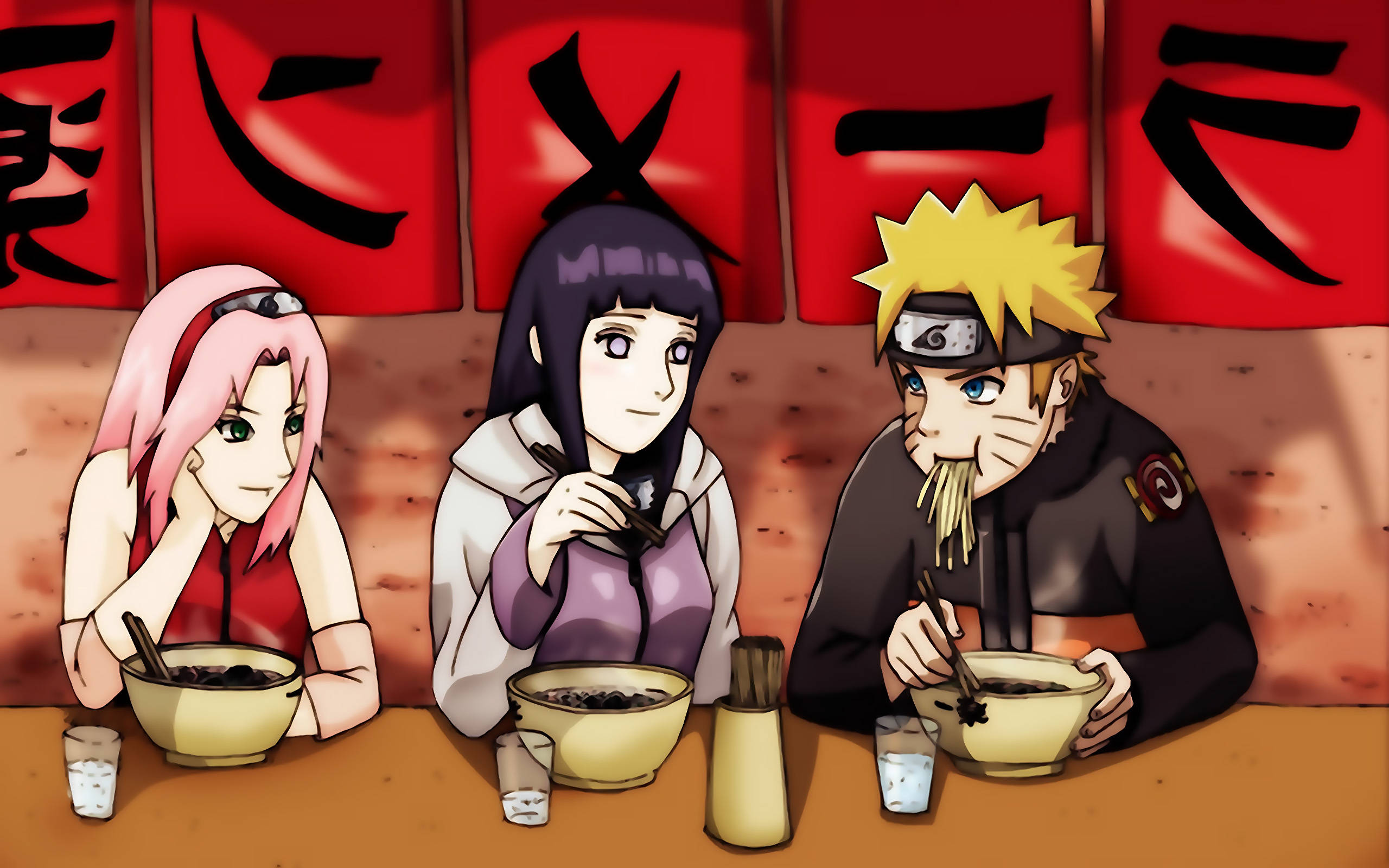 Naruto và Hinata cùng Sakura ăn mì ramen Hình nền
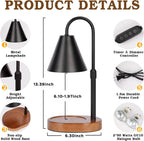 Black Candle Warmer Lamp Featuring Programmable Timer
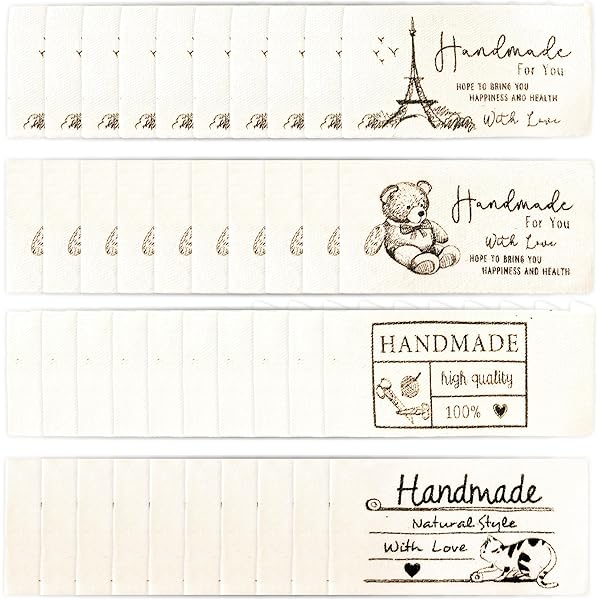 20 Etichette Cucite Handmade - Targhette Personalizzate Per Vestiti, Borse E Uncinetto - Foto 11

------------------------------

Task to complete:
Write the lines out word for word, starting at the one with "Black Candle Warmer" and stopping after the last line of the material above, with pictures excluded.

Answer area:
 Black Candle Warmer Lamp Featuring Programmable Timer
 20 Etichette Cucite Handmade - Targhette Personalizzate Per Vestiti, Borse E Uncinetto - Foto 11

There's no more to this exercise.